REVERSED and REMANDED.
1. UNUM urges us to adopt the Fifth Circuit's holding in Pierre v. Connecticut Gen. Life Ins. Co./Life Ins. Co. of N. Am., 932 F.2d 1552 (5th Cir.1991), and to review the plan administrator's factual determinations regarding the timeliness of Cisneros's application under an abuse of discretion standard rather than a de novo standard. We decline to reach this issue, however, because no factual determinations are contested in this case.
2. Cisneros's suggestion that Hajoca's failure to inform her of the availability of disability benefits is a “clerical error or omission,” which, under the Policy, will not “deprive an employee of insurance,” also is without merit. If this provision were intended to apply to a failure to submit proof of claim, then the Policy's proof-of-claim provisions would be meaningless.

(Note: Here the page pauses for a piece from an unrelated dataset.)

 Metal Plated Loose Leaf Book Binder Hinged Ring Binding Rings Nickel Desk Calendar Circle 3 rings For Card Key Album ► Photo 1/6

3. The Supreme Court recently has narrowed the scope of ERISA's “related to” language. New York State Conference of Blue Cross & Blue Shield Plans v. Travelers Ins. Co., 514 U.S. 645, 655-57, 115 S.Ct. 1671, 1677, 131 L.Ed.2d 695 (1995) (finding no preemption of state surcharges imposed on patients covered by a commercial insurer, but not on those insured by Blue Cross/Blue Shield, because the surcharges have only an indirect economic effect upon employee benefit plans). Travelers reversed an expansive interpretation of “relate to” and concluded that:If ‘relate to’ were taken to extend to the furthest stretch of its indeterminacy, then for all practical purposes pre-emption would never run its course․ But that, of course, would be to read Congress's words of limitation as mere sham and to read the presumption against pre-emption out of the law whenever Congress speaks to the matter with generality.Id. at 655, 115 S.Ct. at 1677.
4. We do not consider Cisneros's remaining claim on appeal that, because Hajoca allegedly is UNUM's agent under state law, Hajoca's failure to inform Cisneros of the availability of disability benefits should be imputed to UNUM and thereby prevent UNUM from relying on the untimeliness defense. Cisneros only made a passing reference to the idea that Hajoca is UNUM's agent in its opposition to UNUM's motion for summary judgment. It did not fully develop the argument that it now raises on appeal. Accordingly, we decline to review this claim. See A-1 Ambulance Serv. Inc. v. County of Monterey, 90 F.3d 333, 338 (9th Cir.1996).